Incidentally, HV diodes are all just stacks of lower voltage diodes -- I don't think they can make high speed (<= 250ns or so?) diodes over 1.5kV or so. (In fact, an industrial "hockey puck" rated for 6kV is "high speed" if it has a recovery of 2us!) So you see V_F climb -- multiple junctions in series.
The trick is, they're matched diodes, and packaged together, so recovery and capacitance are equal. This is a lot harder to pull off with discrete diodes*, so there is value in the high voltage types.
*What happens is, one recovers first, and gets all the voltage drop and immediately goes into avalanche, burning a huge amount of power. Then the next one recovers, the total voltage drop rises and not as much power is burned, and so on until the total avalanche rating exceeds the applied (reverse) voltage, and conduction stops.

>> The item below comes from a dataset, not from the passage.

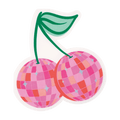 Pink cherry disco ball sticker fun party decoration from Parte Haus party supply store in Bethesda Maryland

And it's a runaway condition, because recovery gets slower at higher temperature.
At least it's not as brutal as with a forward converter, where the reverse current is switched in -- a flyback in DCM has soft recovery, with dI/dt set by the transformer inductance.
Actually, an even more subtle point is that recovery itself is a sort of dynamic avalanche condition: effectively, the off-state (blocking) voltage of the diode increases over time, eventually reaching its nominal rating. This probably happens simultaneously for all diodes in the stack, but the result is still that one diode dissipates much more recovery loss than all the others.
But anyway -- if 20kV diodes are unobtanium, at least the secondary can be split into sections, and as many 3 to 10kV diodes can be used, which are hopefully more obtanium!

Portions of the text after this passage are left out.